У меня на секунду потяжелело где-то под ложечкой, и ответа я не придумал, вдруг задохнувшись.
– Ничего не будем делать там, – сказал братик. – Какие-нибудь журналы посмотрим, например…
Честно говоря, в тот год я и малейшего представления ещё не имел, а что, собственно, можно делать с Верочкой. Валёк, похоже, знал, но не распространялся.
Вдохновлённые, перебрасываясь никчёмными словечками, мы так и шли, и каждый себе представлял, что вот мы с Верочкой на сеновале… Там такая пыль стоит в плотных столбах заходящего солнца… Верочка в сарафанчике… Иногда привстаёт, отряхивается, и мы все смеёмся, будто бы в каком-то предчувствии… Можно погладить её по руке, вроде бы как случайно, вот. И тут все перестанут смеяться…
У Верочки есть щиколотки. У неё есть затылок, по которому она иногда проводит крепкой ручкой с коротко стриженными матовыми ногтями. У Верочки есть родинка на запястье и родинка на плече. У неё есть два колена, круглые, как маленькие чайные чашечки. Чего только у Верочки нет.
На пляже, странно, не оказалось почти никого – хотя обычно в жаркую погоду там отмокал и стар, и млад. Лишь полёживали и покуривали какие-то из соседнего поселка, постарше нас.
Мы поскидывали шорты и быстро уныряли на другой берег, поиграли там в салочки до посинения и, щёлкая зубами, отправились обратно.
– Пацаны, вы откуда? – спросил нас на берегу самый взрослый, разговаривая с нами полулёжа, с сигареткой в зубах. Губы его криво улыбались.
Мы сказали откуда, глядя ему в зубы.
Их было шесть человек. Один из них, самый мелкий, но, как свёкла, крепкий, на кривых стойких ногах, подошёл ко мне в упор и слегка толкнул в плечи. Неожиданно, как длинными ножницами, взмахнув ногами, я кувыркнулся и грохнул на спину. И сразу понял, в чём дело: у меня за спиной, под ногами присел, согнувшись, другой пацанчик – в итоге лёгкого толчка хватило, чтоб я уронился.

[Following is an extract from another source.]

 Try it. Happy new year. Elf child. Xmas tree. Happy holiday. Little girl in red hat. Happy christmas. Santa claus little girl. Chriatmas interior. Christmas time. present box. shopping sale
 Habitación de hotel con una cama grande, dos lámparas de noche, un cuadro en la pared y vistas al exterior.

Валёк чертыхнулся – но делать ничего не стал: без мазы кидаться на шестерых, каждый из которых был выше его ростом.
Я поднялся, подошёл к воде, зачерпнул воды, поплескал на спину – саднило, но не так, чтоб очень.
Смочив себя, вернулся, присел, натянул шорты и встал, глядя на самого блатного. Тот всё покуривал и улыбался.
Мне не было страшно – мне было глупо. Чего я, чего они, чего мы – зачем всё…
– Отдай мне своё колечко, – спросил толкнувший меня, кивнув на дешёвый серебряный перстенёк, украшавший мой безымянный на левой.
– Не могу, это… мой, – ответил я миролюбиво.
– А я думал – мой…
– Правда, не могу.
Повисла противная пауза. Я провёл ладонью по лицу, будто снимая паутину. Валёк не шевелился и дышал неслышно.
– Что-то мне вас жалко, – наконец сказал самый блатной.
Мы поняли, что можно уходить. И пошли.
Всю обратную дорогу молчали.
Верочка, сеновал – дурь какая. Кому мы нужны на сеновале, недоделки.
Никогда так безрадостно не ходили за коровой.
Кнуты с собой не взяли.
Корова всё оглядывалась и удивлялась, куда они делись и отчего мы не пугаем её больше.
Наваристый июльский вечер тяготил, и комарьё нудило отвратительно и обидно. В детской ненависти мы хлопали себя по щекам.
Вернулись домой, вяло поужинали, на прибаутки деда отмолчались. Он и не ждал никогда ответа, ему всё равно было весело и аппетитно.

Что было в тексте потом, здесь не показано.